How to display links to multiple (if not hundreds) of PDFs on single page

Need suggestions on linking to tons of PDF files on single web page

         

motifman22

3:35 pm on Mar 6, 2015 (gmt 0)

10+ Year Member



So, I'm working with a government/public agency and their new website, and there are several pages where, by law, they have to give access to PDF files. A few of these pages have A LOT of PDF files. For example, this one ([thda.org ]) I'm working on now has 106 PDF files, all individually linked. Also important to know is that these PDFs are very long; several have over 150 pages.

How would you deal with this volume of PDFs and content? Should I be thinking about a different file format? Yes, people will need to occasionally print these files, which is why PDFs may work best. But I'm not sure, as I've never tackled this particular kind of project.

Any help/guidance would be much appreciated.

Thanks!

Marshall

5:54 pm on Mar 6, 2015 (gmt 0)

WebmasterWorld Senior Member 10+ Year Member Top Contributors Of The Month



I do a few governmental websites and when it comes to .pdfs, I place the link on the page (obvious action) with a statement next to the link as to the file size and number of pages. This way the person knows before hand what they are getting into. I also have the link open in a new window.

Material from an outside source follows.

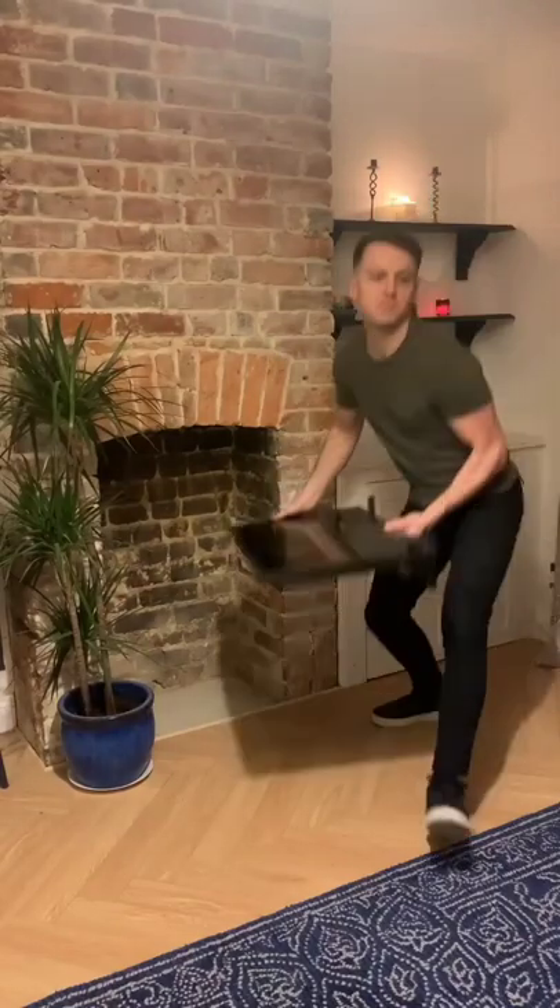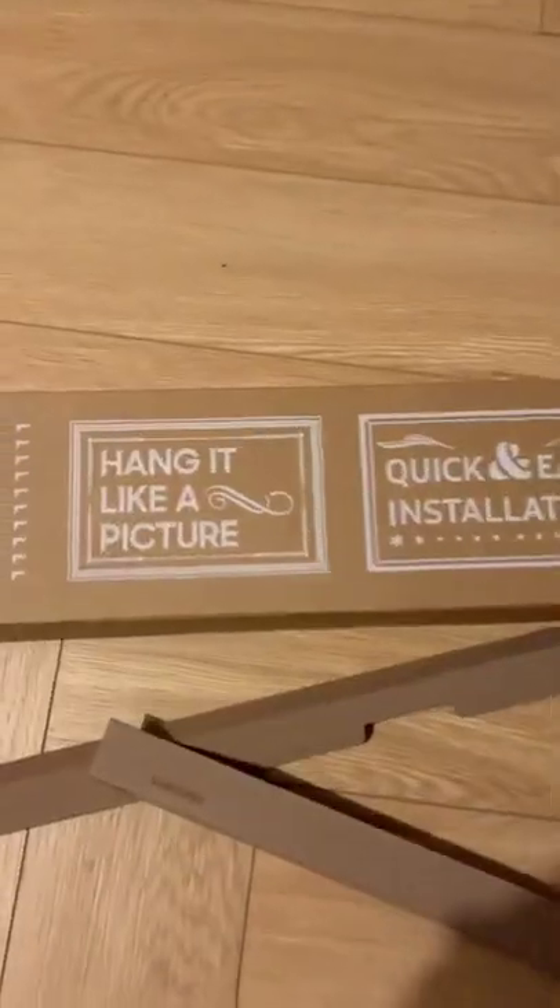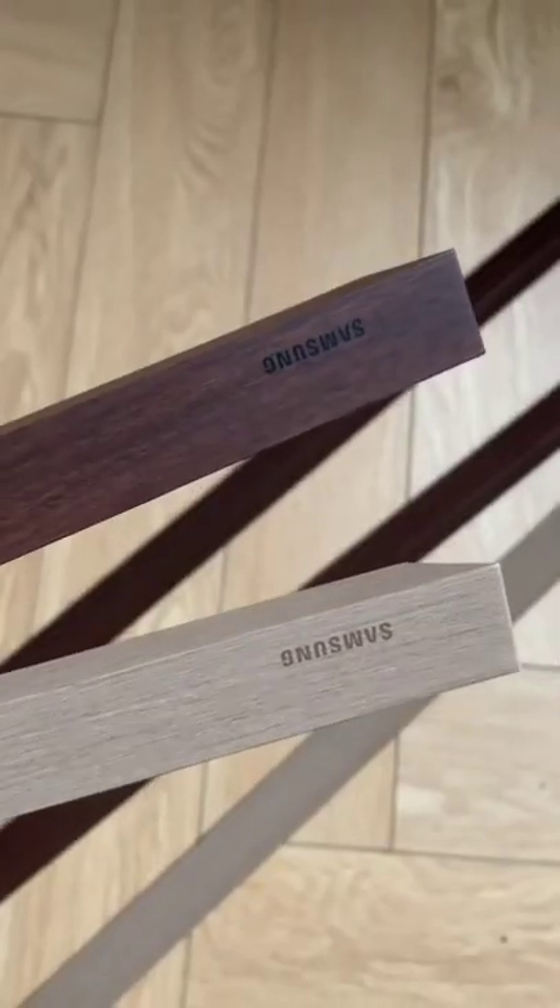Looks like I won't be needing this anymore. Have you guys heard of the Frame TV by Samsung? It's designed to integrate better into the home and looks just like a picture frame.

If possible, I also provide an html version of the page and give the person the choice which one to view.

Keep in mind that certain devices may not be .pdf friendly especially if a person is paying for bandwidth usage. That is why a plain, html version is nice to have.

Marshall

motifman22

6:47 pm on Mar 6, 2015 (gmt 0)

10+ Year Member



Thanks, Marshall. I can certainly add file size and page count, but I'm looking for a much quicker and more efficient way to add a large amount of PDFs at once to the page, rather than having to link every one of them individually. I am using Craft CMS (https://buildwithcraft.com/) for this project, although I'm not sure if a bulk upload & link function is available for this or any CMS on the market.

I'm really looking for a method to let me upload/add tons of PDFs and link them in one simple action. Manually linking hundreds of PDFs seems completely inefficient to me.

ergophobe

7:21 pm on Mar 6, 2015 (gmt 0)

WebmasterWorld Senior Member 10+ Year Member Top Contributors Of The Month



I don't know Craft CMS, but are you able to integrate a library like plupload?

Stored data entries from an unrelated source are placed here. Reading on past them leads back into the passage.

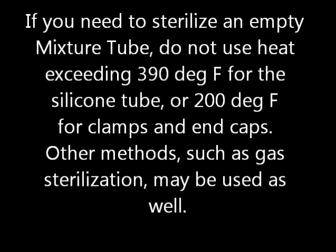If you need to sterilize an empty mixture tube, do not use heat sterilization exceeding 390 degrees Fahrenheit for the silicone tube or 200 degrees Fahrenheit for clamps and end caps. Other methods such as gas sterilization may be used as well.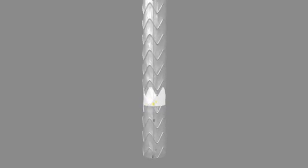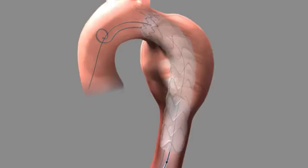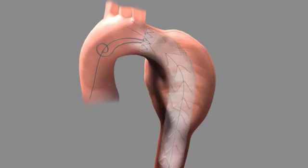Radiographically verify that the proximal figure-8 markers are aligned with the distal markers of the mating graft and that the connecting bar is oriented toward the outer curve of the vessel. The Reliant stent graft balloon catheter may be used to remove wrinkles and folds from the graft material and model the graft to the vessel wall.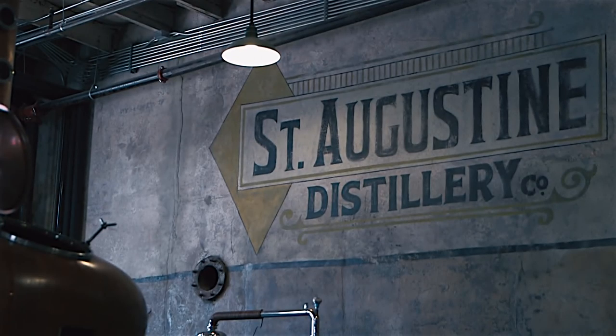Hi, my name is Anthony Ogier and I'm here at the St. Augustine Distillery in beautiful downtown St. Augustine, Florida. Today I'm going to teach you how to make some cocktails.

The other question is whether or not you are doing this once, or will be doing a huge number of uploads over and over.

If you're doing it once (and maybe if doing it over and over), I would write a script to import an Excel spreadsheet either CSV or straight Excel.

A couple of years ago a conference organizer wanted mini-sites for a series of conferences. Each had a similar format (about 5-6 pages per event) and the key element was the session schedule. The were using Excel spreadsheets.

Turns out there's a nice PHP Excel libary, so I just had them maintain their info as they always had and set it so that they would FTP over the spreadsheet. On page load, it would check the timestamp on the Excel doc versus the timestamp on the cache and if the spreadsheet was newer, just parse it out and create a new session grid.

It worked pretty well for them and let them use their normal way of organizing sessions (no real change to their workflow) and yet allowed them to update the website in real time as they changed the spreadsheet.

If memory serves, we eventually needed to add a "Publish" column so sessions in progress and not finalized wouldn't get published.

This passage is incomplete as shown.